At the closing, and subject to the terms of the Merger Agreement, (i) all outstanding Jiff common stock, Jiff starter stock and Jiff preferred stock (collectively, “Jiff Capital Stock”) and vested options to purchase shares of Jiff common stock held by an employee who, immediately following the completion of the Merger, shall be an employee of Jiff, Castlight or any subsidiary of Castlight (a “Continuing Employee”) was exchanged for the right to receive an aggregate of up to approximately 27 million shares of Castlight Class B common stock and options exercisable to purchase shares of Castlight Class B Common Stock, as applicable, subject to certain adjustments and, in the case of the holders of Jiff Capital Stock, contributions to an escrow fund and expense fund. All outstanding Jiff Capital Stock (other than the Jiff Series A preferred stock) and options of Jiff held by Continuing Employees received the right to receive up to an aggregate of up to approximately 4 million shares of Castlight Class B common stock as contingent consideration upon the achievement by the Jiff business of certain milestones in 2017. Such former Jiff equityholders will receive an aggregate of 1 million shares of Castlight Class B common stock if the Jiff business achieves at least $25 million in revenue in 2017 and an aggregate of 3 million shares of Castlight Class B common stock if the Jiff business achieves at least $25 million in net new bookings during 2017. In addition, in connection with the Merger, all outstanding unvested options to purchase shares of Jiff common stock held by Continuing Employees were converted into options to purchase up to approximately 2.8 million shares of Castlight Class B common stock.

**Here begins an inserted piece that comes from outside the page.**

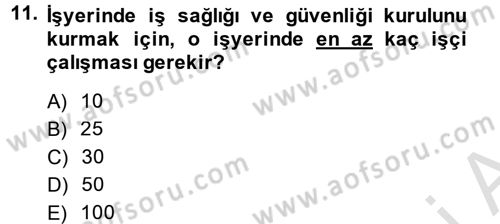 Bireysel İş Hukuku Dersi 2014 - 2015 Yılı Tek Ders Sınav Soruları 11. Soru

The issuance of Castlight Class B Common Stock in connection with the Merger, as described above, was registered under the Securities Act of 1933, as amended, pursuant to Castlight’s registration statement on Form S-4 (File No. 333-215861), filed with the Securities and Exchange Commission (the “SEC”) and declared effective on February 14, 2017.
The foregoing description of the transactions consummated pursuant to the Merger Agreement does not purport to be complete and is qualified by its entirety by reference to the Merger Agreement, which was filed as Exhibit 2.1 to Castlight’s Current Report on Form 8-K filed with the SEC on January 4, 2017, which is incorporated herein by reference.
Item 2.03 Creation of a Direct Financial Obligation or an Obligation under an Off-Balance Sheet Arrangement of a Registrant.
The information set forth under Item 1.01, “Entry into a Material Definitive Agreement,” is incorporated herein by reference.
Item 8.01. Other Events.
On April 3, 2017, Castlight and Jiff issued a joint press release announcing the consummation of the Merger. A copy of the press release is filed herewith as Exhibit 99.1 and is incorporated into this Item 8.01 by reference.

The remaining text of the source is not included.